Les élections successives qui ont été organisées depuis 1990 ont validé dans une époque postmoderne des pratiques édictées ou héritées de la colonisation. Ainsi, alors même que nous fonctionnons avec les mentalités du troisième millénaire, nos structures socio-institutionnelles restent ancrées dans la logique philosophique deuxième millénaire. Il en résulte dans le fonctionnement de notre pays une juxtaposition de la philosophie d’un État totalitaire et des réflexes citoyens de la postmodernité. La conséquence de cette situation est l’incapacité de l’État de répondre aux besoins de la population dans sa quête de liberté citoyenne et républicaine, dans sa quête des besoins de protection sociale, de ses besoins en matière d’éducation, de transport urbain, d’emploi, de pouvoir d’achat, de logement, etc. On note à cet égard, une perception dans la population d’un non État dans l’existence de nombreux Gabonais au regard des missions sociales qu’un citoyen est en droit de s’attendre de son État. Aussi, est-il récurrent d’entendre dire «on va encore faire comment, … le pays est géré».

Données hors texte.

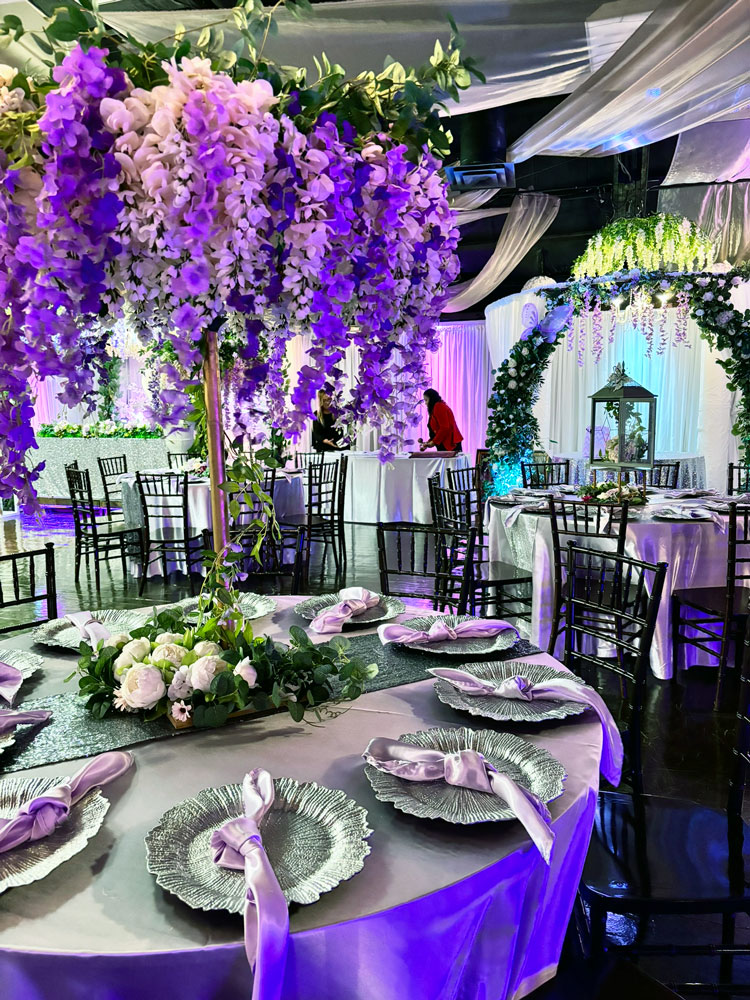 Elegant table centerpiece featuring lavender flowers, greenery and crystal details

Lorsqu’une société entre dans un état de crise, si cette crise ne conduit pas à des changements politiques significatifs, le malaise se dissimule dans le fonctionnement du quotidien. On a l’impression que tout va bien, alors que rumine dans les vicissitudes de la vie de tous les jours un mécontentement. S’établit une espèce de fonctionnement sociétal hybride entre des structures d’un État de droit et une espèce d’anarchie sociale. Il n’y a plus adhésion à l’ordre établi, mais son imposition. Face à un tel État, éclot un état latent de crise qui, occasionnellement, provoquera des soubresauts de conflits virulents limités dans le temps mais répétitifs. La présente crise politique trouve ses fondements dans cette espèce d’anarchie politique ou certains tentent de faire existe dans notre époque époque des réflexes d’autrefois. Face à une situation de crise latente, comment peut-on parler d’un avenir en confiance?

Qui a dit qu’on s’impose encore aux gens par la force!